Se abrazó más fuerte a su pecho y le mordió el pectoral, sin hacerle daño, pero lo suficientemente apretado para acallar un grito. Se estremeció varias veces. Él la abrazó con fuerza y la consoló al oído.

«Calma ya, niña mía. Todo está bien.»

Ella levantó la cara de su pecho, sus labios rojos de sangre, sus ojos llenos de lágrimas, su frente sudada. Él le miró con ternura y le besó ambos ojos mientras la abrazaba por el cuello. Ella, inmóvil y se le había escapado la luz de los ojos.

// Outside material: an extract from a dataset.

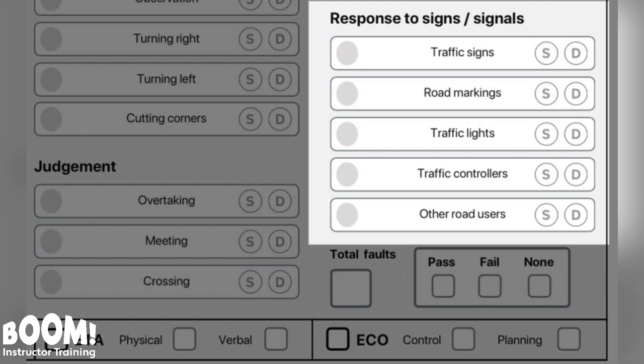Some obvious mistakes to avoid are: not anticipating traffic lights changing and therefore braking late; taking up space meant for cyclists when stopping at a red traffic light; not spotting the speed limit signs; not stopping at a compulsory stop sign; driving in a bus lane when signs say you shouldn't; and pulling up when signs are telling you that there are parking restrictions. Let's have a look at a few demonstrations.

«¿Está bien mi niña?» Le preguntó, sin dejar de mirarla. Ella asintió con la cabeza. «Ok.» Dijo él y posó los ojos en el camarero que esperaba atento desde que le había hecho seña.

«Traiga un vaso de agua para la señorita, por favor.»

El camarero desapareció entre las mesas, mientras el murmullo intenso del restaurant lleno fluía alrededor de él y su niña satisfecha.

Ella sacó la mano de entre sus piernas y le mostró los dedos rojos y viscosos a él antes de ponerlos en su propia boca. Los saboreó con detenimiento y al sacarlos estaban limpios de nuevo. Un poco de sangre había manchado la comisura de su boca. Él la besó con ansias, hasta dejarla limpia.

El camarero le ofreció una copa de vino.

«No, gracias. No quiero arruinar el sabor que me ha quedado en la boca.»


Imprevistos…

Existe entre nosotros algo mejor que un amor: una complicidad.
Marguerite Yourcenar

Habían planeado aquella salida con dos semanas de antelación. Él era el tipo de hombre que intentaba contabilizar, racionalmente, cada minuto de su vida. Y digo «intentaba» porque la Magia que lo rodeaba no reparaba en lo que él quisiera cumplir o terminar o lograr en cualquier día dado. No. La Magia que habitaba en él era una Magia atolondrada, irritantemente desorganizada e inoportuna. Era la que causaba aquellos aguaceros torrenciales donde quiera que él estuviera cuando le dolía el corazón en el pecho y no se permitía llorar. Esa misma era la que hacía florecer los cerezos en cualquier época del año también, cada vez que sus labios la besaban.

Ella amaba sus besos y amaba también que se le llenara el pelo de pétalos cuando él la tomaba de la mano. Por eso no se quejaba de la parte majadera de la Magia que venía con él. Por esa razón, faltando una hora para la cita que él se había empecinado en concertar, siempre incapaz de retirarse de una pelea contra su Magia, ella yacía en el sofá, hojeando, desenfadadamente, el libro de turno, sin el más mínimo apuro, sin un ápice de urgencia. Él, ansioso y controlador, caminaba del cuarto a la cocina, sin saber si comerse un bocado o ponerse la camisa. Ella de pronto se salía de la historia de su libro y lo observaba por encima de las letras, divertida y enamorada.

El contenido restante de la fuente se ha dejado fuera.